Völlig zu Recht kommt es auch in Deutschland zur Aufführung. Denn auch hier geraten die Gräueltaten während des Nazi-Regimes nach und nach in Vergessenheit. Immer mehr hört man Sprüche wie „Das ist so lange her, damit wollen wir uns nicht mehr beschäftigen“. Doch der Antisemitismus und die Fremdenfeindlichkeit sind nach wie vor nicht aus der Welt.
Musikreferentin Carolin Sturm von der Kulturabteilung der Bayer-Werke kümmert sich um die Organisation des Projekts. In Lodz hatte sie mitgesungen. Danach stand für sie fest: „Ich will es hier machen“. Sie betont, dass es für Zalis eine Herzensangelegenheit gewesen sei. „Ich musste das schreiben“, so der Komponist. Er betont, dass es ihm mit diesem Opus nicht nur um ein Erinnern beziehungsweise wieder ins Bewusstseinbringen der Grausamkeiten von damals geht. Es ist ihm vielmehr ein großes Anliegen, dass mithilfe der Holocaust-Thematik immer wieder über Rassismus nachgedacht wird. Menschen sind keine Objekte. Jeder hat einen Namen, in den man sich hinein versetzen, ihn verstehen soll. Ein Verständnis füreinander aufzubauen ist ihm sehr wichtig. Es geht ihm also um das Zwischenmenschliche im Hier und Jetzt. Man solle aus dem Holocaust lernen, was Hass auch aktuell gegen Flüchtlinge für Auswirkungen haben kann.
Zwölf Sätze umfasst das ungefähr 75-minütige Oratorium, das Zalis als theatralische Musik bezeichnet. „The way I did it is not Rock and Jazz“ (wie ich es gemacht habe, hat nichts mit Rock und Jazz zu tun). Viele Klangfarben kommen vor. Und die sind so nur mit einem Orchester realisierbar. Für zwei Chöre hat er es unter anderem geschrieben, darunter ein Kinderchor. Zalis dazu: „1,5 Millionen Kinder sind in dieser Zeit umgebracht worden“. Melodien sind ihm wichtig, über die er Emotionen aufbauen will. Mit solchen Mitteln möchte er erreichen, dass jeder etwas für sich was mitnimmt. Diese Erfahrung hat er bereits mehrfach gemacht und führt als Beispiel ein Erlebnis in einer Schule an, als er dort das Werk vorstellte: „Während dieser eineinhalb Stunden war es mucksmäuschenstill. Keiner ging anschließend, alle blieben sitzen“.

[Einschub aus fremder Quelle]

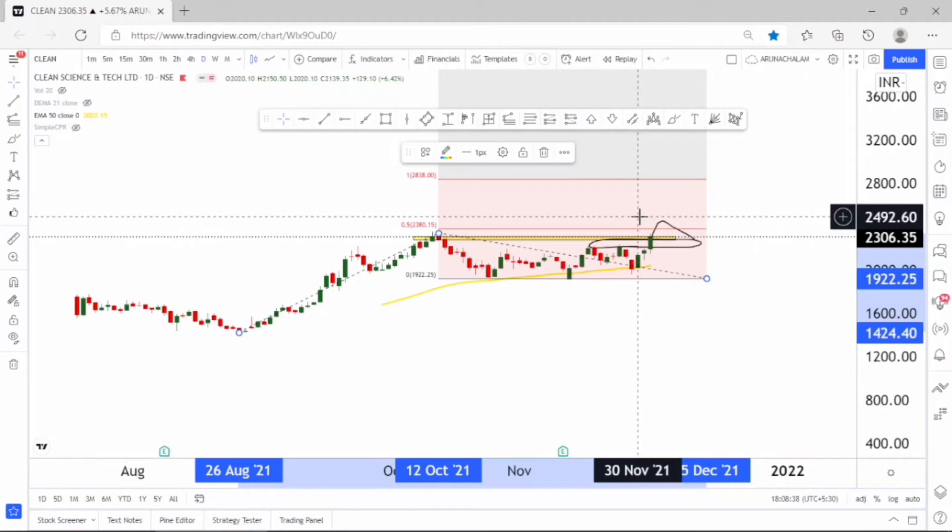The breakout of the price range of 2350 can trigger the rally — the stock is bullish right now. Enter the stock once it breaks above 2350. One can place a target around the price range of 2600, or also around 2800. On every rise, just consider selling the stock.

An dem Projekt beteiligt sind der Chor der Konzertgesellschaft (Einstudierung: Georg Leisse), der Solitude-Chor Stuttgart (Einstudierung: Klaus Breuninger) und der Leverkusener Kinder- und Jugendchor (Einstudierung: Nicole Jers und Martin te Laak). Die Gesangssolisten Kelsey Cowie (Sopran), Jean-Pierre Ouellet und Marko Zeiler (beide Tenor) sind mit dabei. Sprecher ist Stefan Müller-Ruppert. Es spielen die Bayer-Philharmoniker unter der Leitung von Bernhard Steiner. Gesungen wird auf Englisch. Die deutsche Übersetzung steht im Programmheft. Die Zwischentexte werden auf Deutsch rezitiert.
Das deutsche Klassiklabel „ARS Produktion“ ist darauf aufmerksam geworden. Es wird das Konzert aufnehmen und auf CD veröffentlichen.